The office will have a computer, lights, window a/c, and a small space heater. I will be burying the wire in pvc conduit from the house to the office. I think 20 amps will be plenty. I am in south Texas so a small space heater running on low will be about all I need.

So what would be the best approach: Do I run 8/3 to a small 240v subpanel on the opposite side of the house (about 100' of wire away) with a 30 amp double pole breaker at the main panel, then just run 120 to the office by putting a 20amp breaker at the subpanel and run 12/2 direct bury to the office?

Or do I run 240 all the way to the office with a subpanel there?

I was originally thinking maybe I would just run a 110v line the whole 150' to the office but the wire size calculators show I would need a #6 wire that far so maybe that's not a good idea.

All I need is 20 amps out in the office but not sure what the best way is to get it there.

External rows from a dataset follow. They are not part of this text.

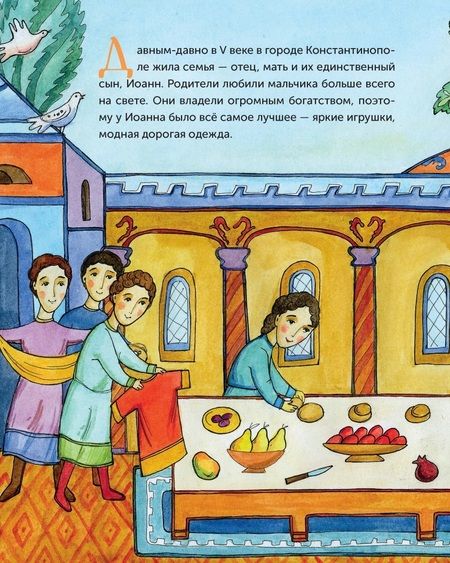 Фотография книги "Кономос: Нищий богач. Житие св. Иоанна Кущника в пересказе для детей"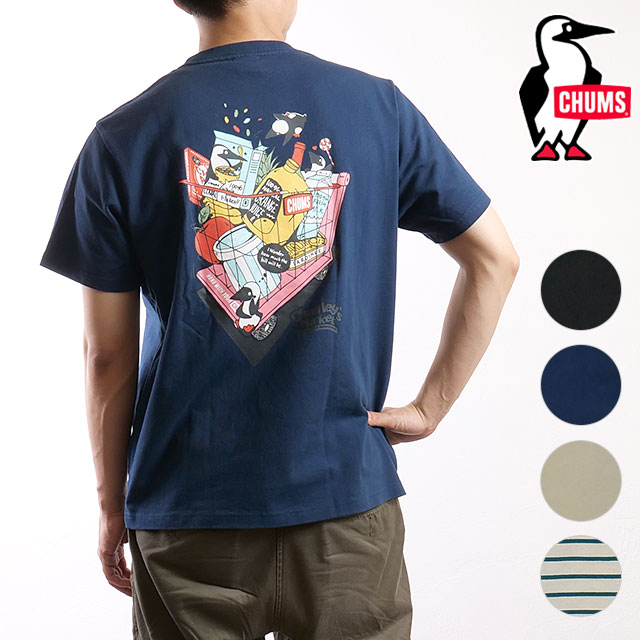チャムス CHUMS チャムリースマーケットポケットTシャツ [CH01-2517 SS25] M Chumley’s Market Pocket T-Shirt メンズ 半袖 USAコットン 【メール便配送】
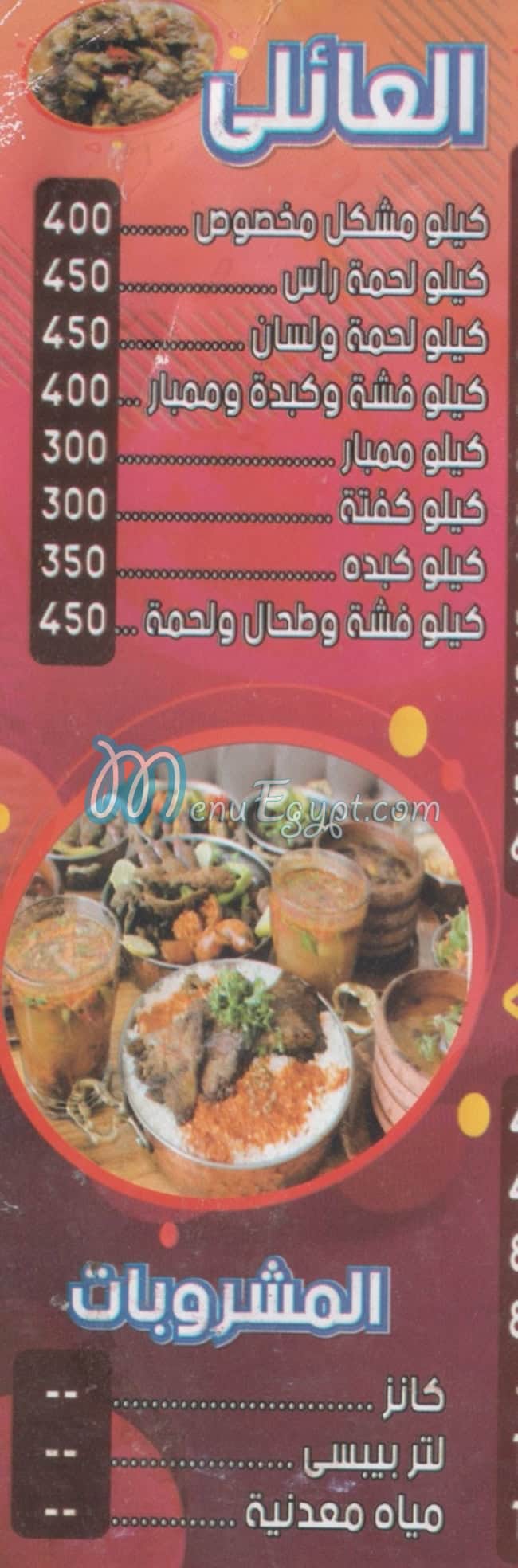 Ahbab Al Saida Al Hay Al Asher egypt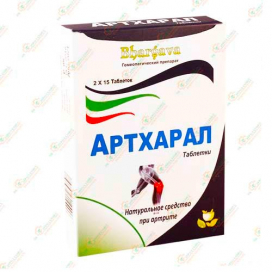 Артхарал 30таб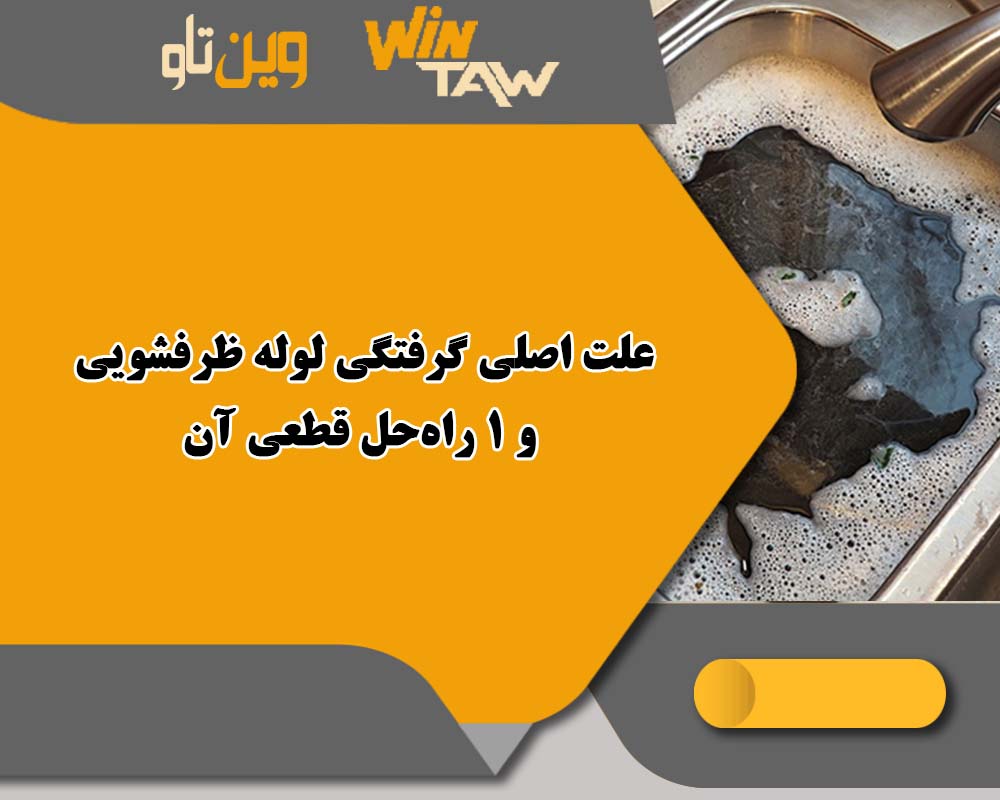 علت اصلی گرفتگی لوله ظرفشویی و 1 راه‌حل قطعی آن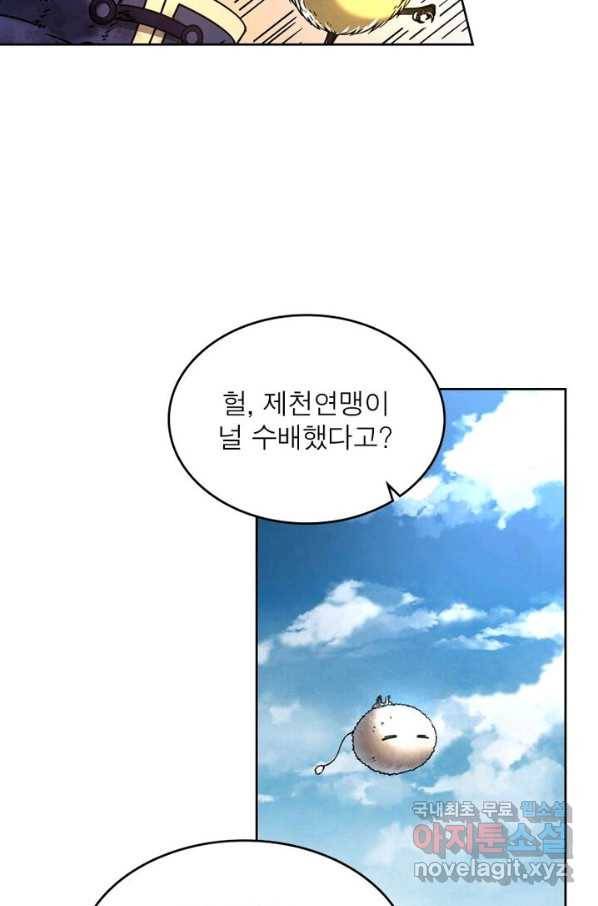 정령사: 나타르 전기 시즌2 - 114화 9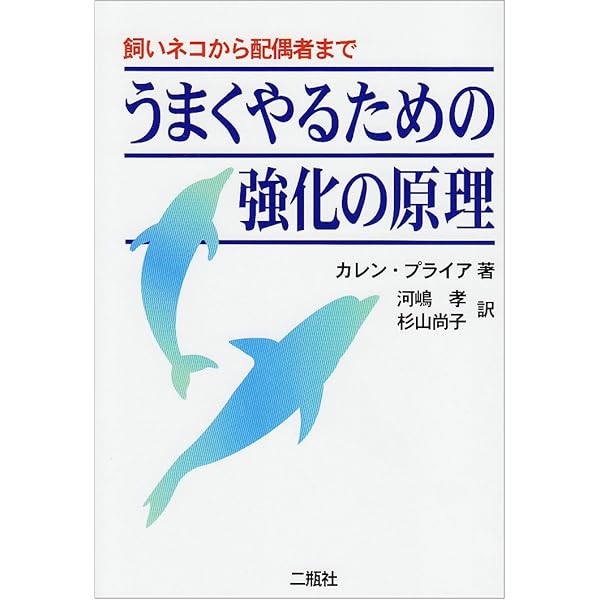 アニマルラーニング: 動物のしつけと訓練の科学 | 中島 定彦 |本 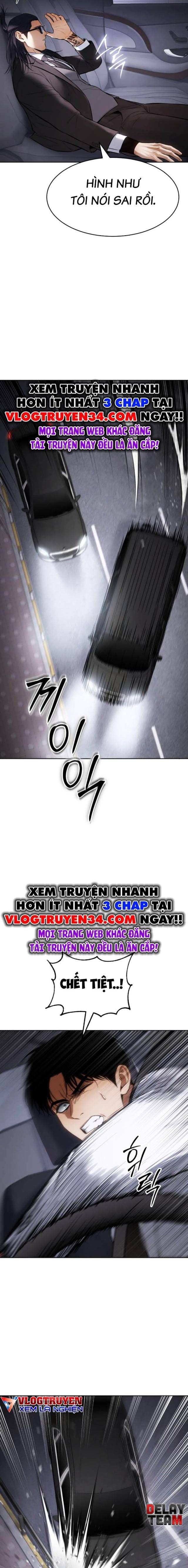Baek Xx Chap 102 - Next Chap 101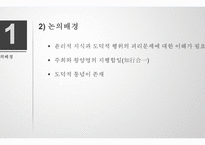 도덕교육에서의 지와 행의 관계-주희와 왕양명의 관점-5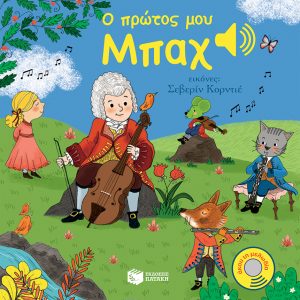 Ο πρώτος μου Μπαχ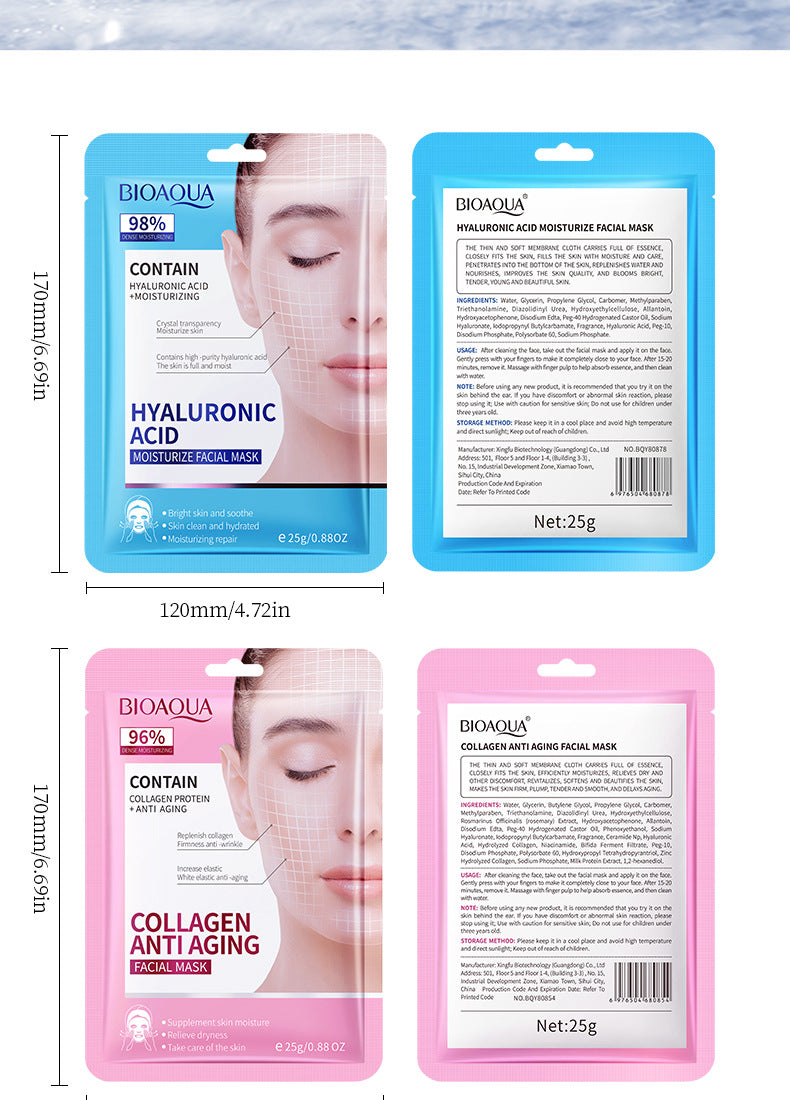 Full English Mask25gBIOAOUA Hyaluronic Acid Hydrating Collagen Retinol Moisturizing  Wholesale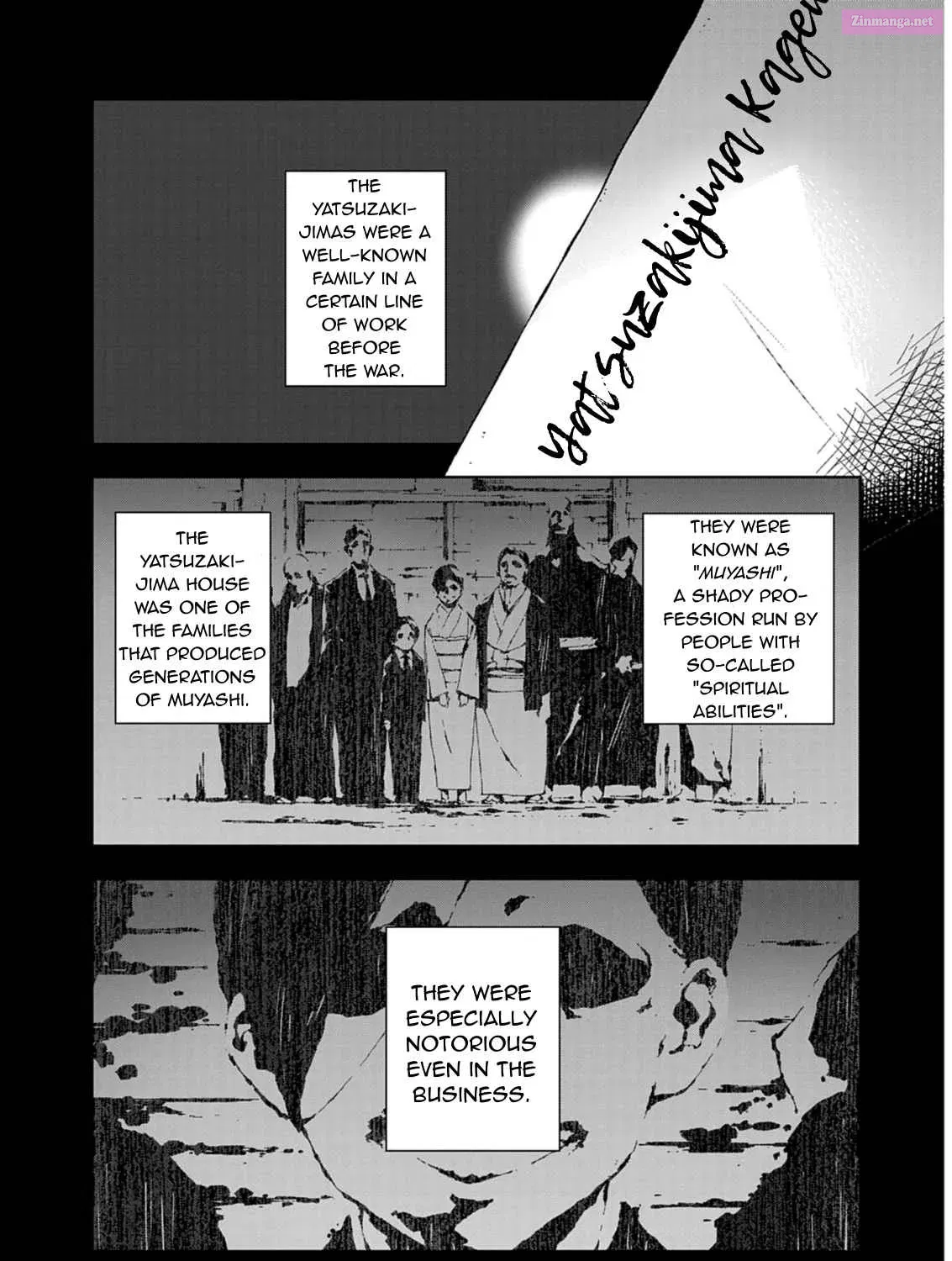 Here Stands Gokumon Nadeshiko Chapter 1 Page 33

Any advice is appreciated!

EDIT:
Thanks for all the great detailed responses, I feel like I am taking info from all of them to create my solution so wish I could mark them all as "the answer"!

Best Answer

Even for limited use, you might as well run a MWBC (240V, split) from a two-pole GFCI breaker and get TWO 20A 120V circuits, IMHO. You can split the loads between them. Takes only one more wire.

Might also want to give "small minisplit" a consideration .vs. window AC and resistance heat.

"The wire calculators" are treating 3% as a rule - it's not, since you are not in Canada - and you don't calculate it on breaker trip (20A) you calculate it on your planned load (and your planned load should not exceed 80% of the 20A breaker size, so 16A.) They want to sell more and larger wire. You may not need that. If you split your loads between TWO 20A circuits on a MWBC, you may find that 4 significantly smaller wires (planned for the actual loads, now split between two circuits, so less load on each) will do the job just fine. If it drops 5%, it's not a big deal in Texas - you couldn't plan it that way in Montreal, but you're not in Montreal.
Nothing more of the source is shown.